Le député MSENYIBWA ajoute que sur ce montant, 70 milliards de FC étaient censés permettre la prise en charge financière des magistrats recrutés en 2022, mais non encore nommés à l’époque. Cependant, en l’absence d’une ordonnance de nomination en 2024, le Conseil Supérieur de la Magistrature (CSM) aurait décidé de rediriger ces fonds vers une revalorisation salariale des magistrats en poste, une démarche qui, selon MSENYIBWA, pose de graves problèmes de légalité et de transparence.
« Le Conseil Supérieur de la Magistrature, a-t-il, sans l’aval du Parlement, le pouvoir d’utiliser une partie de son budget pour des objectifs autres que ceux pour lesquels les crédits ont été approuvés ? », interroge le député dans sa correspondance du 9 juin.

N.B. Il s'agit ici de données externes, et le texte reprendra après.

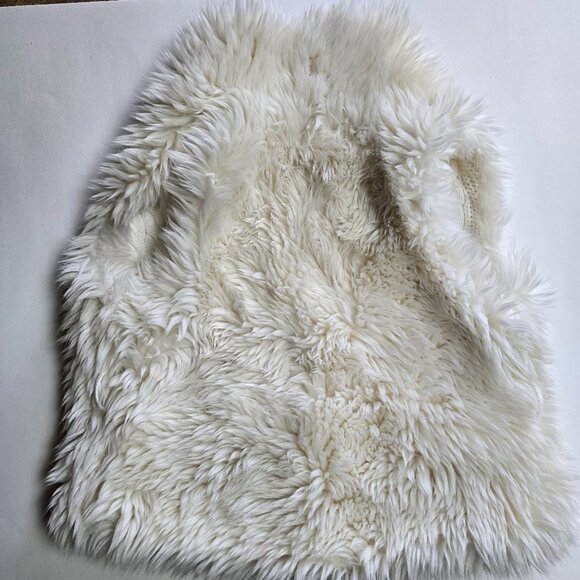 DKNY Girls Faux Fur Knitted Vest reversible - Picture 6 of 10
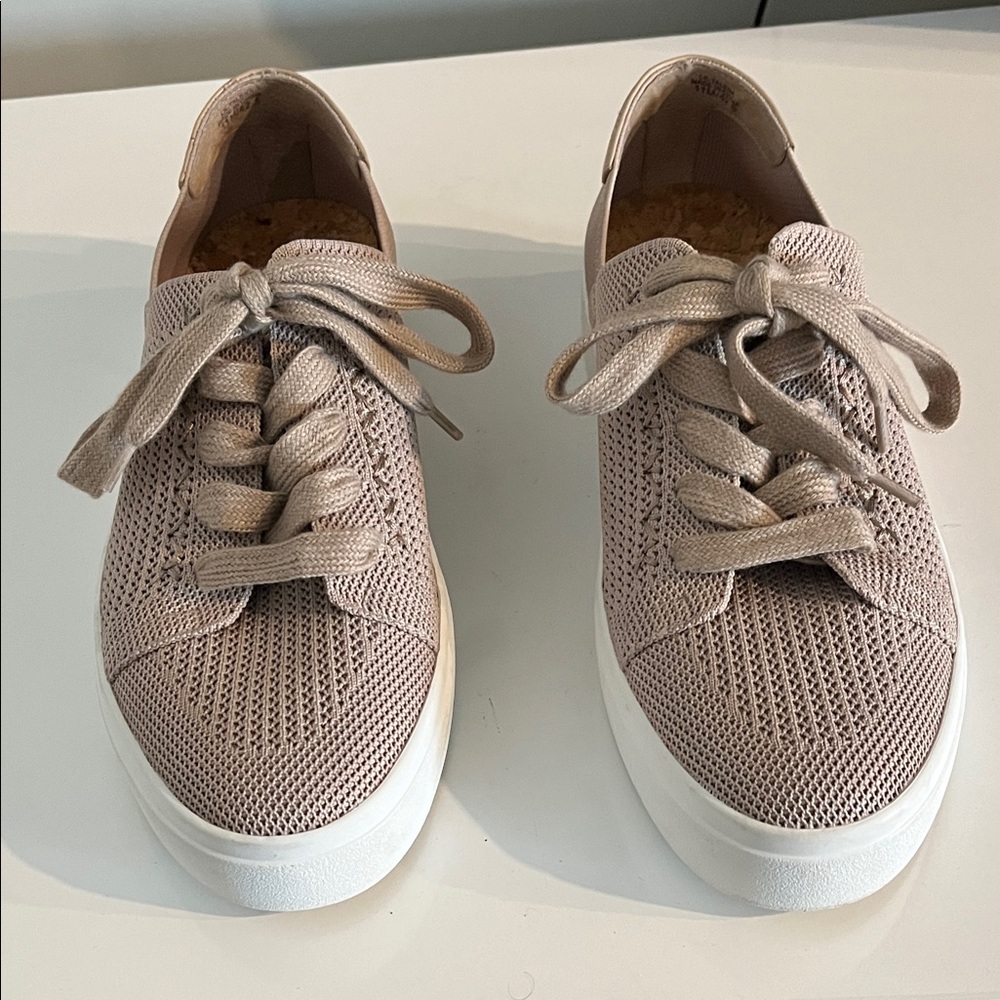 Lucky Brand Women Taupe Knit Lace-Up Sneakers Combine with style and comfort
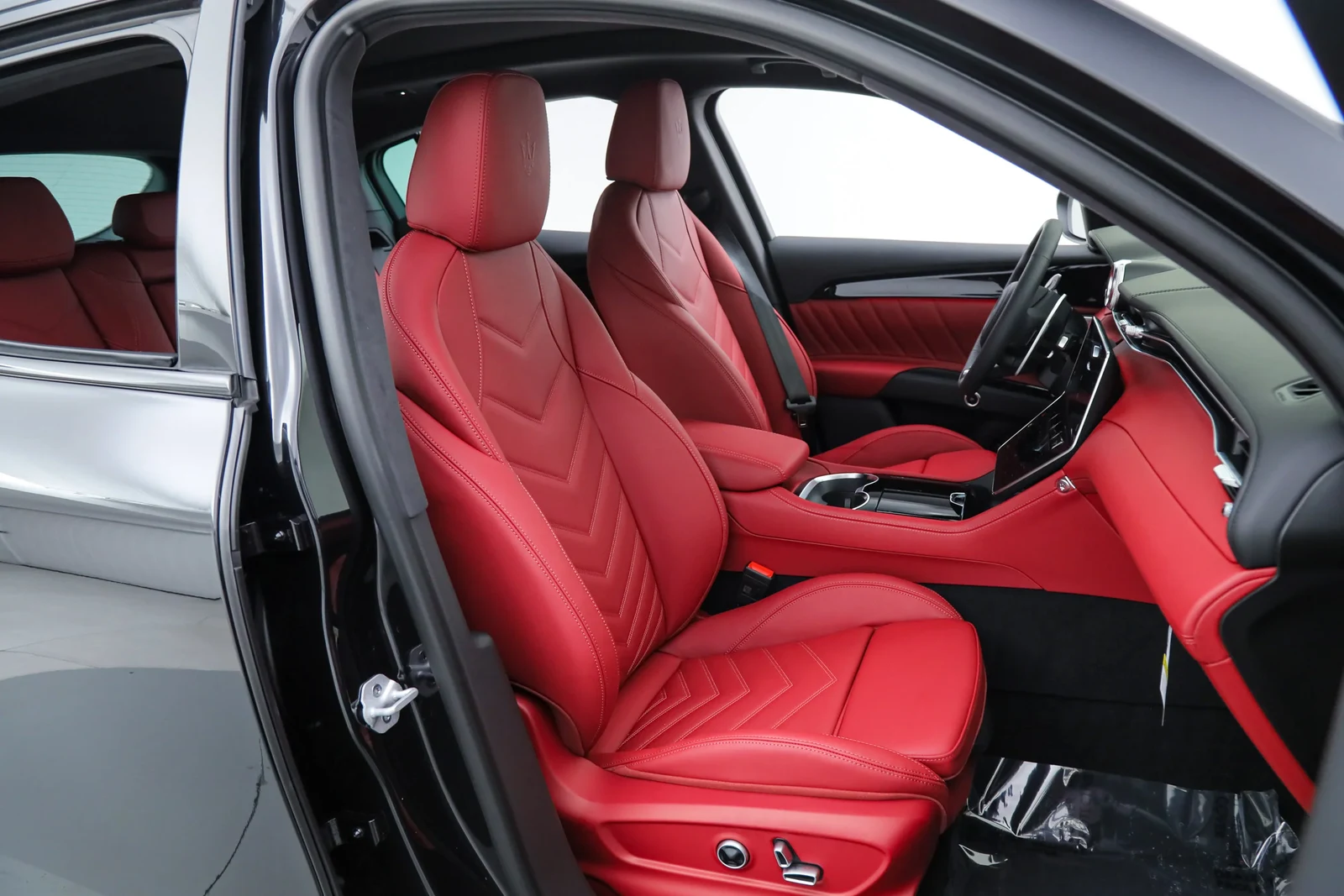 2026 Maserati Grecale Modena, 11/21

Il rappelle que l’article 42 de la loi organique n°08/013 du 5 août 2008 soumet la gestion financière du CSM au contrôle du Parlement, et que tout redéploiement de crédits devrait en principe faire l’objet d’une autorisation parlementaire ou d’un retour au Trésor public. Le député va plus loin en exigeant des clarifications détaillées de la part du Premier Président de la Cour de Cassation, notamment sur le nombre exact de magistrats en fonction en 2024, le montant individuel que chaque magistrat aurait perçu à travers cette majoration ainsi que les preuves documentées de la redistribution de cette somme, les raisons pour lesquelles les nouveaux magistrats, pourtant nommés par ordonnance présidentielle n’ont toujours pas perçu leurs rémunérations pour avril, mai et juin, alors qu’une enveloppe de 48,1 milliards FC est prévue à cet effet dans le budget rectificatif 2025.
Cette interpellation remet en lumière la fragilité de la gouvernance budgétaire dans certains organes publics en RDC, même au sein du pouvoir judiciaire censé incarner la rigueur et l’impartialité. Elle relance aussi le débat sur la traçabilité des finances publiques, à un moment où le pays s’engage dans des réformes pour renforcer la transparence et l’État de droit.
Le débat à l’Assemblée nationale s’annonce tendu. Le Premier Président de la Cour de Cassation est désormais tenu d’y répondre publiquement, offrant une occasion rare de faire toute la lumière sur un dossier aux ramifications aussi bien juridiques qu’éthiques.